AIM OF THE TASK:
Give back an exact copy of the lines in the records below, from the line that has "MANGROVES BRACKISH WATER" through the line that has "半岛体育体育娱乐:飞行安全哪家强 全球十大安全航空公司名单出炉(图1) 半岛体育体育网", and nothing besides.

INFORMATION SUPPLIED:
Start of Block
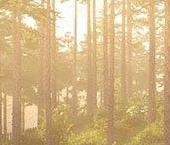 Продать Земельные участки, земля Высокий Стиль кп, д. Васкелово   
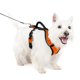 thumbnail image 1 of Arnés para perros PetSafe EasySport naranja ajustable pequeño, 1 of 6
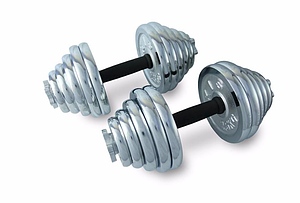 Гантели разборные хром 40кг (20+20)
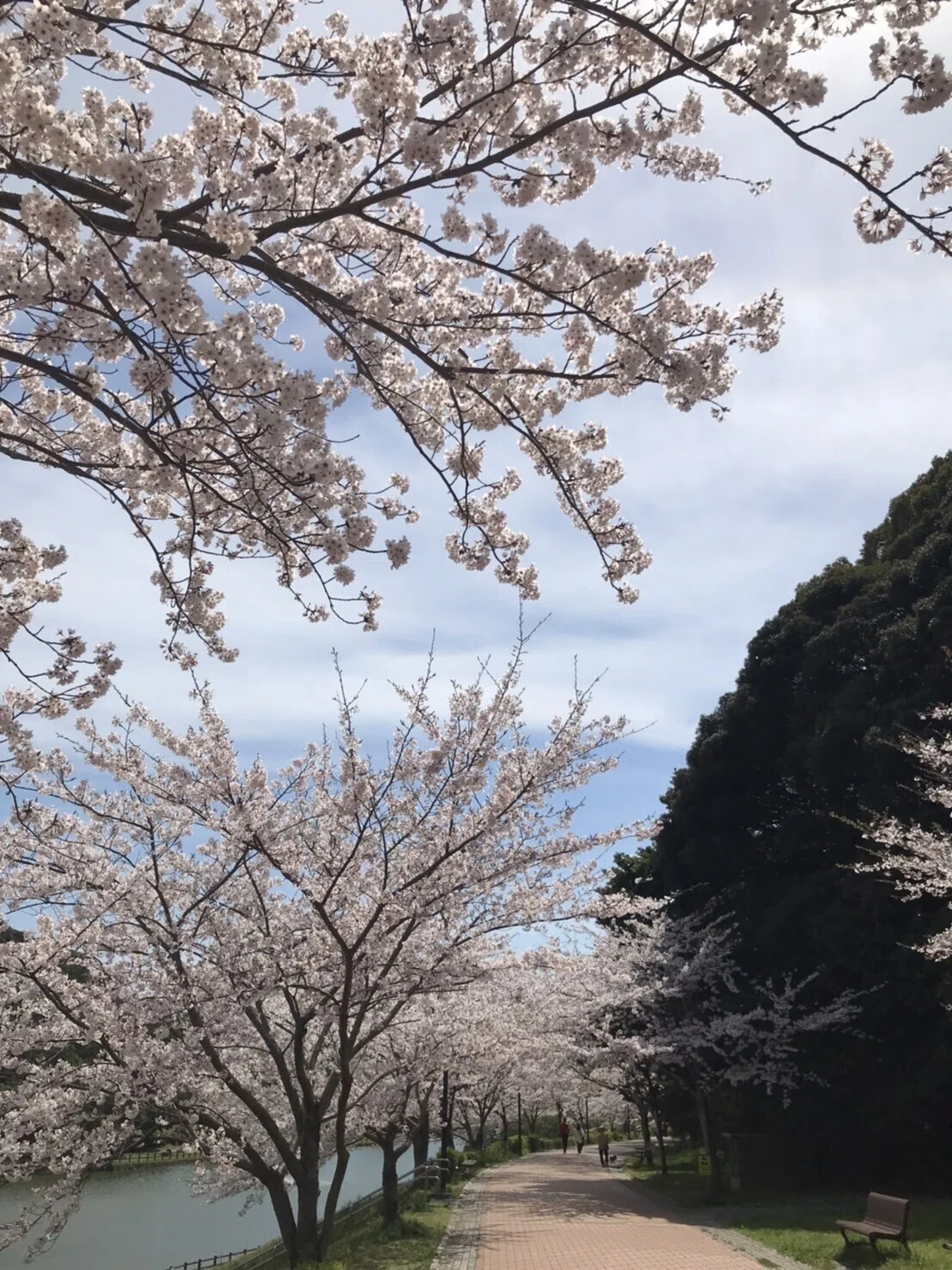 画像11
End of Block
Start of Block
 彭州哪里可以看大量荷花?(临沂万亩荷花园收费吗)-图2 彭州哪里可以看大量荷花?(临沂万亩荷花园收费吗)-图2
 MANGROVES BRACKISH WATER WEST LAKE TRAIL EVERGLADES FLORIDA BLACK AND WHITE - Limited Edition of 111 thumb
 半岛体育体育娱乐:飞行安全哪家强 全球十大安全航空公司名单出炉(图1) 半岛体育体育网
End of Block
TASK SOLUTION:
 MANGROVES BRACKISH WATER WEST LAKE TRAIL EVERGLADES FLORIDA BLACK AND WHITE - Limited Edition of 111 thumb
 半岛体育体育娱乐:飞行安全哪家强 全球十大安全航空公司名单出炉(图1) 半岛体育体育网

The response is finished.